Carly Scala, RDH, defines how dental professionals can lead the efforts to halt opioid addiction.

Dental professionals possess many resources
for spotting or limiting addiction to opioids

Dental professionals possess many resources
for spotting or limiting addiction to opioids

For decades, television has automatically plastered us with news updates about the latest drug bust. We still routinely view scandals and yet another mugshot. As television, social media, and the ability to have nearly anything and everything at our fingertips progresses, we also gain the ability to share helpful information about the current version of this disturbance across America—substance abuse.
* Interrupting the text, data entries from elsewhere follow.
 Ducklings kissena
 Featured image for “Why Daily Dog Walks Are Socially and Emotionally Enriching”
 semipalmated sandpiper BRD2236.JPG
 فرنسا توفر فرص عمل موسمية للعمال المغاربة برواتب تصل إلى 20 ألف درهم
I grew up in rural West Virginia. If you haven’t heard of our drug-umentaries, you should check them out. They are eye-opening. During my teenage and young adult years, substance abuse was on the rise in my area too. When I was in public school, it would be no big deal to see my peers drinking as barely teenagers (at high school football games, no less) or trying each other’s pills. At the time, it was called “partying.” My grown self would now like to correct my former self. What I was witnessing was “substance abuse,” and it was just the beginning of a very long and difficult journey in my community. Flash forward 10 years, in my home state of West Virginia, there is a hospital where one of every five babies spends its first days in agony. These helpless children were exposed to opioids or other drugs in the womb.

Trust for America (healthyamericans.org) released a report in 2013 of information gathered from 1999 to 2010 about all 50 states and statistics related to prescription drug abuse. Topping the list was wild and wonderful West Virginia, with 28.9 deaths by overdose per 100,000. From the low 4.1 to 100,000 ratio found in 1999, this new statistic shows a 605% increase between those 11 years. In addition to this, North Dakota ranked lowest at 3.4 per 100,000 in 2010.